### Extracted information

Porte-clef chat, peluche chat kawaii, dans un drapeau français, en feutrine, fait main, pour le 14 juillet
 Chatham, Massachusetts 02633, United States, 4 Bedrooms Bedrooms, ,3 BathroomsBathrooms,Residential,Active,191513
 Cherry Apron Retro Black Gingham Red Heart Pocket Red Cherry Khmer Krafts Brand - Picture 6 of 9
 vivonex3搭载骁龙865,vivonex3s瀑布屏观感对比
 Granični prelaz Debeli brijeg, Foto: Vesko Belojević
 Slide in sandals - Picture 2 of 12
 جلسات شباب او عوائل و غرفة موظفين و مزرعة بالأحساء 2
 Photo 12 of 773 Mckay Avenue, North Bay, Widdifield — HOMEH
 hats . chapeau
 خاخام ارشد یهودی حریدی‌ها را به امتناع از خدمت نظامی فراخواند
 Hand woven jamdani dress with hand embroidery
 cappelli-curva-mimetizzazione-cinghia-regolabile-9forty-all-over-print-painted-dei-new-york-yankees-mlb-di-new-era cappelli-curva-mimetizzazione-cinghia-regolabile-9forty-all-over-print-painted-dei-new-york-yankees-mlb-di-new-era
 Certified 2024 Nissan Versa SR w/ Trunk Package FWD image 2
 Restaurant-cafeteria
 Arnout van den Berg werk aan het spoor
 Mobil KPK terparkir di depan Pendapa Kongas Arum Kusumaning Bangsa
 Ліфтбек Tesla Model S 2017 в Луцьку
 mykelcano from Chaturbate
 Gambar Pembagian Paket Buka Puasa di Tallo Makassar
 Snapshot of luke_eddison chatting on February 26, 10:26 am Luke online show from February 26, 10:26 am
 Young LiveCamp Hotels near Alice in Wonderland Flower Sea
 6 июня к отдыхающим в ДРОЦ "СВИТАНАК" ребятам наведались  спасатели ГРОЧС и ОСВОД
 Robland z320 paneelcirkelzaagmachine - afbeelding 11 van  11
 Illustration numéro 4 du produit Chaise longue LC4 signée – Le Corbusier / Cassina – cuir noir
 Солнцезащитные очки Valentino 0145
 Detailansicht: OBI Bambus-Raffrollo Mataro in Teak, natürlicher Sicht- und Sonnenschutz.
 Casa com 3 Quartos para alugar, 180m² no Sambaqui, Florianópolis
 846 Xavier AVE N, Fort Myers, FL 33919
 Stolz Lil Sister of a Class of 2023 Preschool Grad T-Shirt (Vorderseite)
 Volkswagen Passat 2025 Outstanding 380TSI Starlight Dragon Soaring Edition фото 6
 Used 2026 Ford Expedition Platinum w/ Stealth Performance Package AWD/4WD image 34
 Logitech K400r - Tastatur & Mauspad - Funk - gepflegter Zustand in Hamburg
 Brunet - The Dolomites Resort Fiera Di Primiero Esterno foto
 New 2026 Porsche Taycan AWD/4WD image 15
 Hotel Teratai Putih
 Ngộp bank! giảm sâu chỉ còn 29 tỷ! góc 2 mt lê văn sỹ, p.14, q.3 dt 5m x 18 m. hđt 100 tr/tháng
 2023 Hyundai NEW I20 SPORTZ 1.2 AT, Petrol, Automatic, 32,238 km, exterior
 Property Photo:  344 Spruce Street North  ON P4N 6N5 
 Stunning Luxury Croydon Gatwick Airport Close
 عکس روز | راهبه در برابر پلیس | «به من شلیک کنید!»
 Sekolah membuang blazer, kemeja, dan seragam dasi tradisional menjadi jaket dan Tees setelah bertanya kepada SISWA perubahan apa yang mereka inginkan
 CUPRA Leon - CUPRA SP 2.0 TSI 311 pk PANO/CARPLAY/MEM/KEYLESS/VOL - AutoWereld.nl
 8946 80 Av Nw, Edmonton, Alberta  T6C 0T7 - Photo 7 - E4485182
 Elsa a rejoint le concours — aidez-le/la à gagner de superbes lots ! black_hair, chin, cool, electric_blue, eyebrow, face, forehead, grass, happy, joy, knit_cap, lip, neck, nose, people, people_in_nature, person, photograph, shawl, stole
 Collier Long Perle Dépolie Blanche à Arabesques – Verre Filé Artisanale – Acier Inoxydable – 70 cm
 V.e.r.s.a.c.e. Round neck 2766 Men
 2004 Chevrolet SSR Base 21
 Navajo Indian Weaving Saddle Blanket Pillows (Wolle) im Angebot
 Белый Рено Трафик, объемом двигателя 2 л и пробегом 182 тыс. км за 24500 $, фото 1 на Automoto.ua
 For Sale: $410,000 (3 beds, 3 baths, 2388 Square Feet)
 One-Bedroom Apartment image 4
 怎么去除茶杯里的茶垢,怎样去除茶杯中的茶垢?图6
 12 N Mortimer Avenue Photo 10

### Exercise requirements
Write the lines out again exactly, beginning at the line that contains "怎么去除茶杯里的茶垢,怎样去除茶杯中的茶垢?图6" and stopping only at the final line of the listing above.

### Written response
 怎么去除茶杯里的茶垢,怎样去除茶杯中的茶垢?图6
 12 N Mortimer Avenue Photo 10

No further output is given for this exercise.